Sunday, September 30, 2007

Workers Certified for Collective Action


J. Guadalupe Resendiz-Ramirez, J. Eloy Resendiz-Ramirez, Enoc Ramirez-Perez, Baltasar Trejo-Mata, Luis Guerrero-Ramirez, and Alejandro Trejo-Leon came to Arkansas in 2005 to work for P&H Forestry under the federal H-2 A program that allows agribusiness to request temporary visas for foreign workers when they say sufficient U. S. labor cannot be found.

In April, the six Mexican farm laborers filed suit in federal court and claimed that the company and its owners paid them less than the federal minimum wage, failed to pay them on time, used them for such unauthorized work as collecting trash for the Arkansas Highway and Transportation Department, and retaliated against workers who tried to claim their labor rights.

Judge Harry F. Barnes of U. S. District Court for the Western District of Arkansas in El Dorado on Thursday certified for collective action their lawsuit against Hermitage-based P&H Forestry LLC, Brent Harrod, John Harrod and Andre Blanchard and ordered the defendants to provide the plaintiffs with contact information for all similarly situated workers that they employed in Arkansas from September 2004 to the present.

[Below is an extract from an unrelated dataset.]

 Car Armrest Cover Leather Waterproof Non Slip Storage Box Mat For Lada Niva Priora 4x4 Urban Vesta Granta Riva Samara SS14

Arkansas law provides very few rights or protections for agricultural workers, who are not even covered under basic state minimum wage, unemployment, or worker compensation laws when they are injured. The Arkansas Farm Bureau and agribusiness interests in Arkansas always oppose legislation for the protection of farm workers, and conservative legislators are seldom persuaded to support Arkansas workers’ rights in face of that opposition.